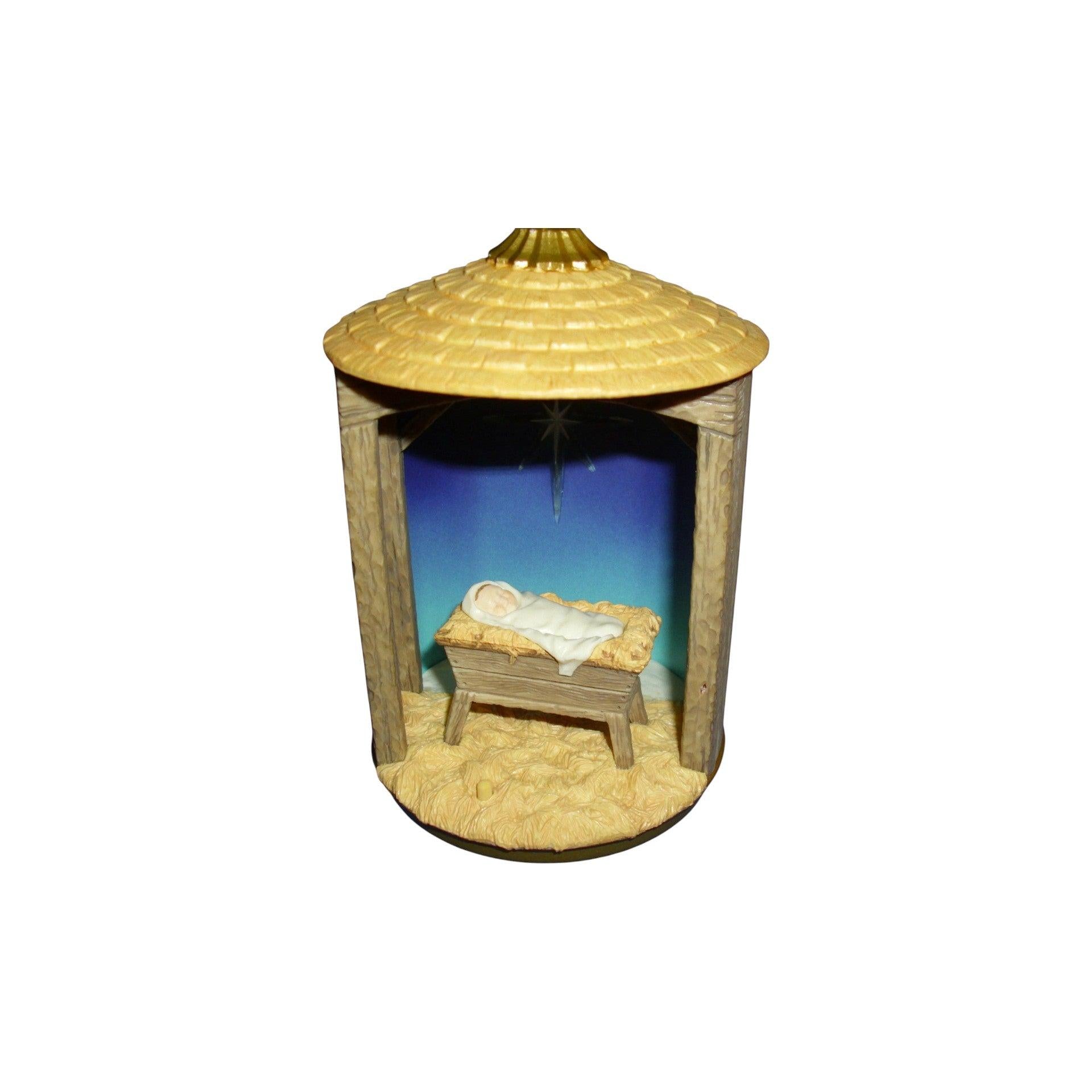 2013 The Night The Baby Was Born Hallmark Ornament (Jesus) QXG1535 Image4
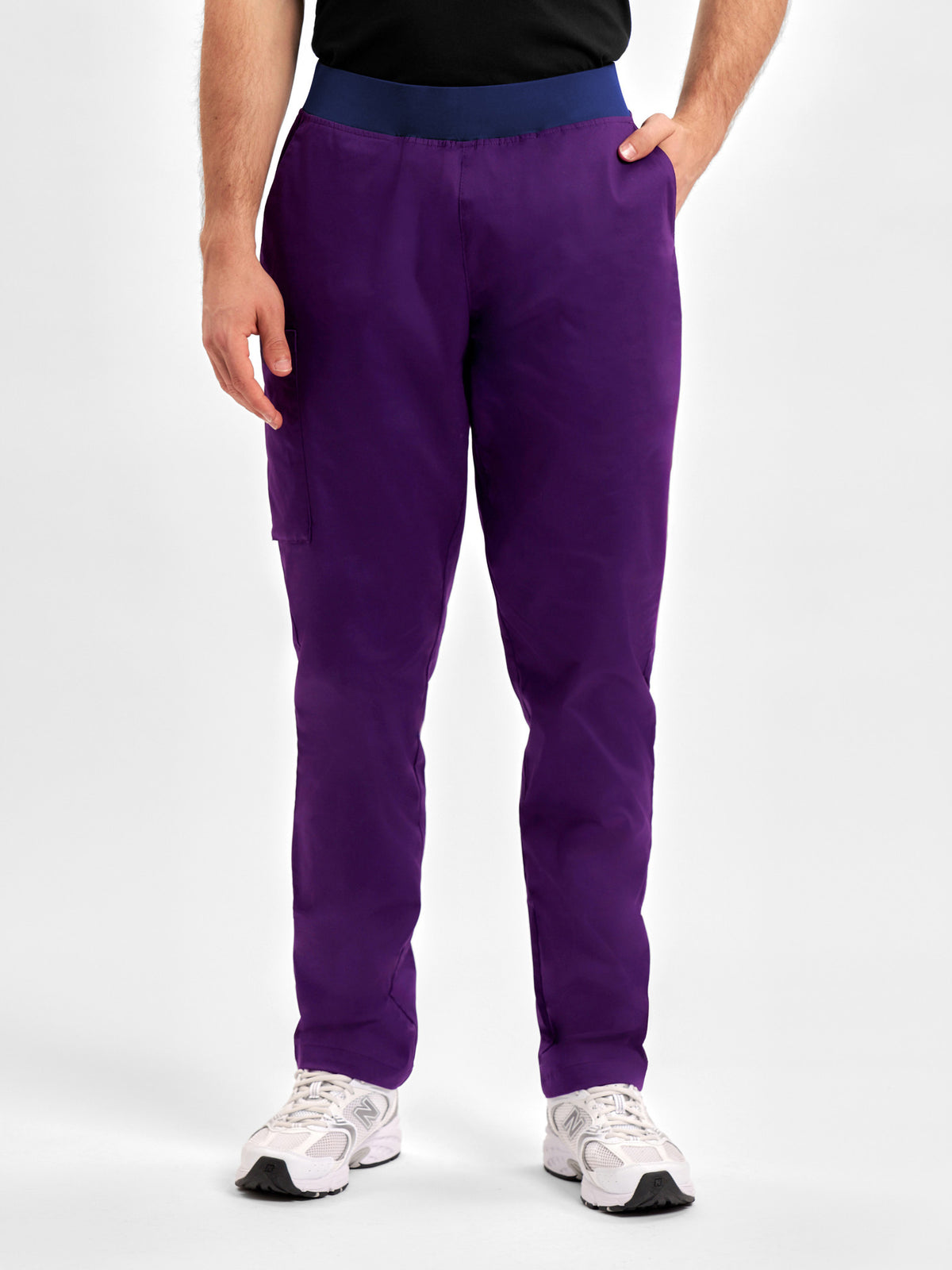Riley Mens Straight Leg Scrub Pant CSP047ML
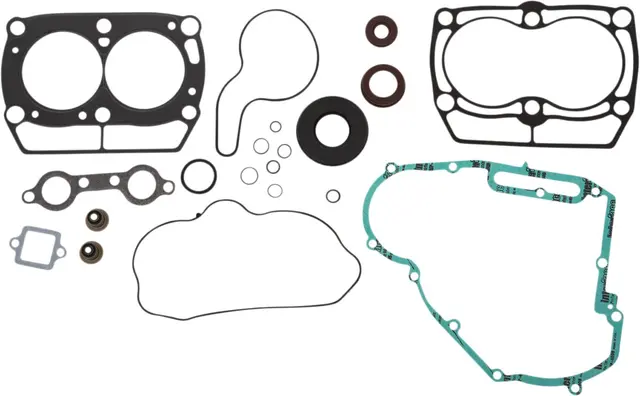 Moose Racing Gasket Kt Com W/Sls Pol Gasket Kt Com W/Sls Pol 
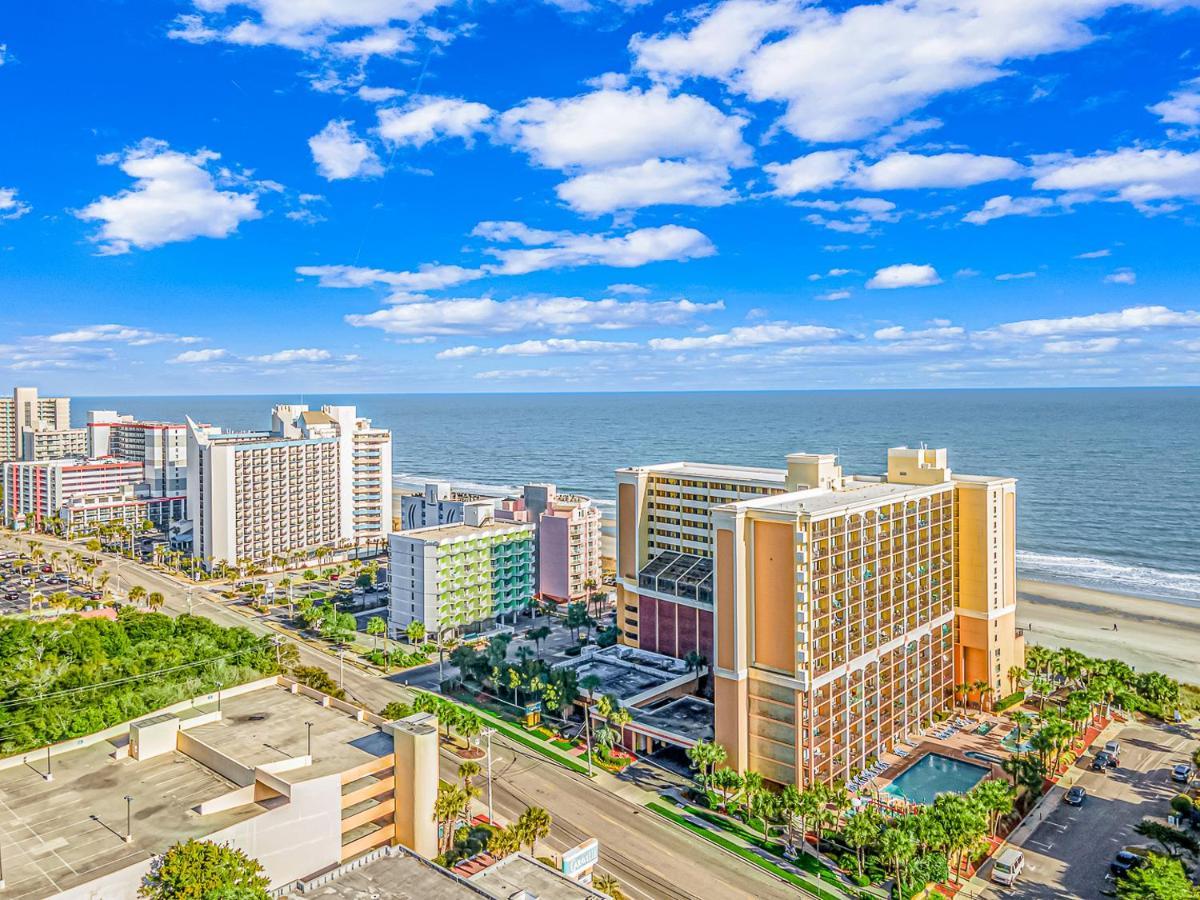 Caravelle Tower 626 Villa Myrtle Beach Kültér fotó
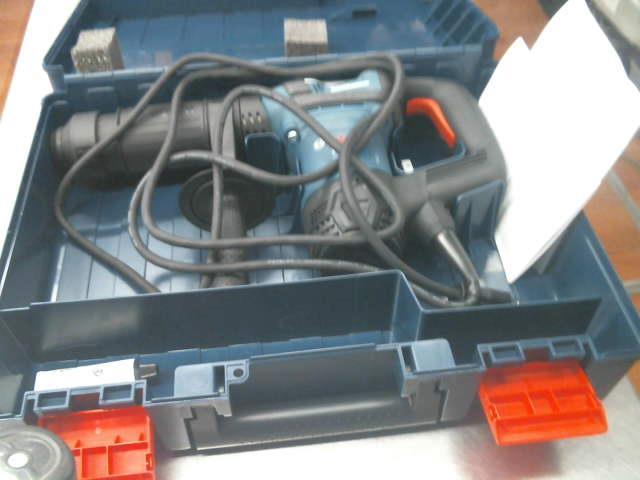 Bosh demolition hammer dans case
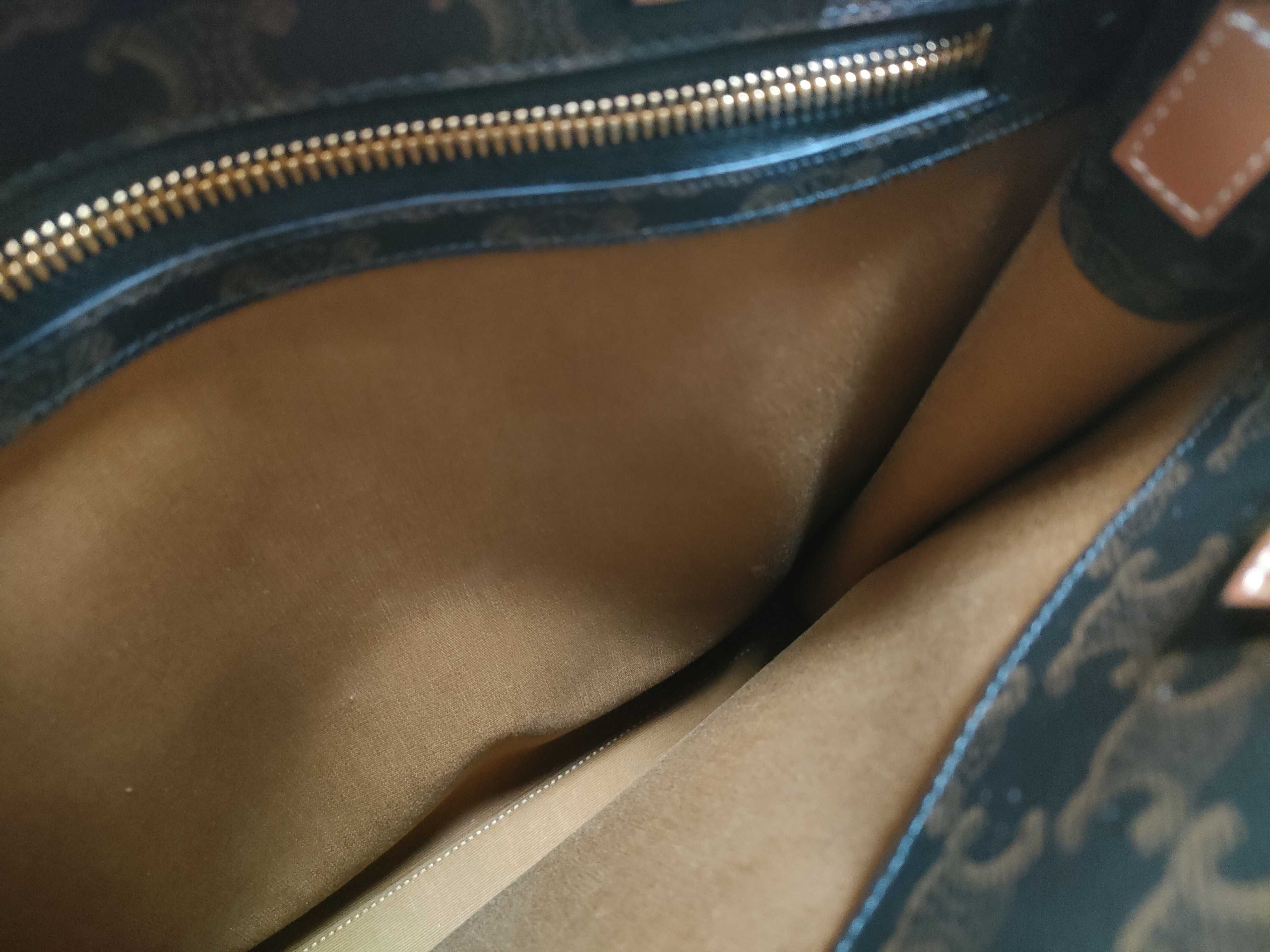 Vertical Cabas Small Tote Bag (Accessories: Shoulder strap) — view 9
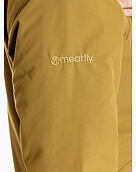 Pánska zimná bunda Meatfly Nils Parka, Golden Olive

####################

§ **TASK GOAL**: Go to the line with "Riley Mens Straight Leg Scrub Pant CSP047ML" in the entries above. Reproduce that line and each one after it to the end, exactly and without the pictures.

§ **SOLUTION FOR THIS EXERCISE**:
Riley Mens Straight Leg Scrub Pant CSP047ML
 Moose Racing Gasket Kt Com W/Sls Pol Gasket Kt Com W/Sls Pol 
 Caravelle Tower 626 Villa Myrtle Beach Kültér fotó
 Bosh demolition hammer dans case
 Vertical Cabas Small Tote Bag (Accessories: Shoulder strap) — view 9
 Pánska zimná bunda Meatfly Nils Parka, Golden Olive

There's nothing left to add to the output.